G7 leaders wrapped up a summit in central Japan vowing to use “all policy tools” to boost demand and ease supply constraints.
“Global growth remains moderate and below potential, while risks of weak growth persist,” they said in a declaration.”Global growth is our urgent priority.”
Japanese Prime Minister Shinzo Abe, talking up what he calls parallels to the global financial crisis that followed the 2008 Lehman Brothers bankruptcy, said the G7 “shares a strong sense of crisis” about the global outlook.
“The most worrisome risk is a contraction of the global economy,” led by a slowdown in emerging economies, Abe told a news conference after chairing the two-day summit.”There is a risk of the global economy falling into crisis if appropriate policy responses are not made.”
In the broad-ranging, 32-page declaration, the G7 committed to market-based exchange rates and to avoiding “competitive devaluation” of their currencies, while warning against wild exchange-rate moves.
This represents a compromise between the positions of Japan, which has threatened to intervene to block sharp yen rises, and the United States, which generally opposes market intervention.
The G7 vowed “a more forceful and balanced policy mix” to “achieve a strong, sustainable and balanced growth pattern”, taking each country’s circumstances into account, while continuing efforts to put public debt on a sustainable path.
Abe has stressed the need for flexible fiscal policy to sustain economic recovery, while German Chancellor Angela Merkel has been sceptical about public spending to boost growth.
The G7 called global industrial overcapacity, especially in steel, a “pressing structural challenge with global implications”.
The G7 demanded that North Korea fully comply with UN Security Council resolutions and halt nuclear tests, missile launches and other “provocative actions”.

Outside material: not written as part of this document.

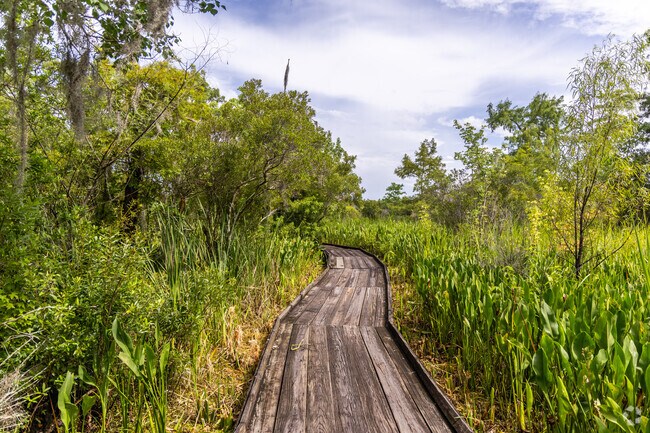 Take a peaceful walk into the bayou's of Barataria Preserve in Estelle.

Referring to Britain’s referendum next month on whether to leave the European Union, the G7 said an exit “would be a serious risk to global growth”. The leaders pledged to tackle a global glut in steel, though their statement did not single out China, which produces half of the world’s steel and is blamed by many countries for flooding markets with cheap steel.
On climate change, the G7 said they aim to put into effect by the end of the year the Paris climate agreement, in which almost 200 nations agreed a sweeping plan to end global dependence on fossil fuels to limit rising temperatures.
The G7 comprises Britain, Canada, France, Germany, Italy, Japan and the United States.